El humor británico presidió la jornada. Inglaterra, cuna del tren, tiene uno de los peores servicios ferroviarios del mundo occidental. Privatizado por los conservadores, está pésimamente mantenido y es, pese a ello, lento y caro. El TGV francés será con creces lo mejor que le pasa a los pasajeros de tren británicos desde que George Stephenson diseñó en 1929 su locomotora Rocket.

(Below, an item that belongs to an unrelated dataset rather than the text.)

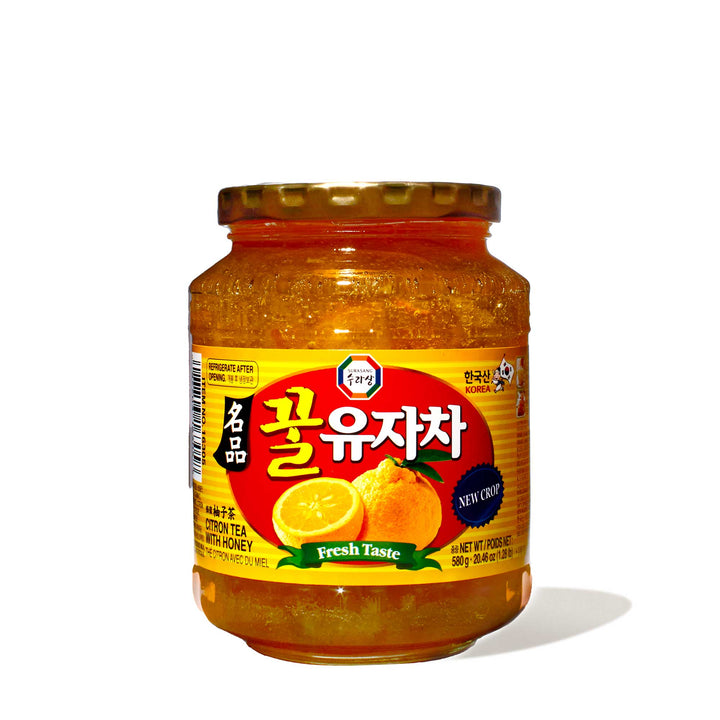A jar of Surasang Yuzu Citron Tea with Honey on a white background.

Ayer, el Reino Unido ingresó en el selecto club de la alta velocidad. Es cierto que el Eurostar cubre la ruta París-Londres desde diciembre de 1994, pero hasta ahora, al entrar en territorio británico, el conductor estaba obligado a echar mano del freno. Vamos, algo indigno, de modo que el Reino Unido optó en esta ocasión por rendirse a las modas procedentes del continente y se tomó en serio la infraestructura, tanto que le ha levantado incluso una nueva estación en Londres. Olviden Waterloo es el eslogan con el que los ingleses, aún primeros en humor, informan a los franceses del cambio de estación.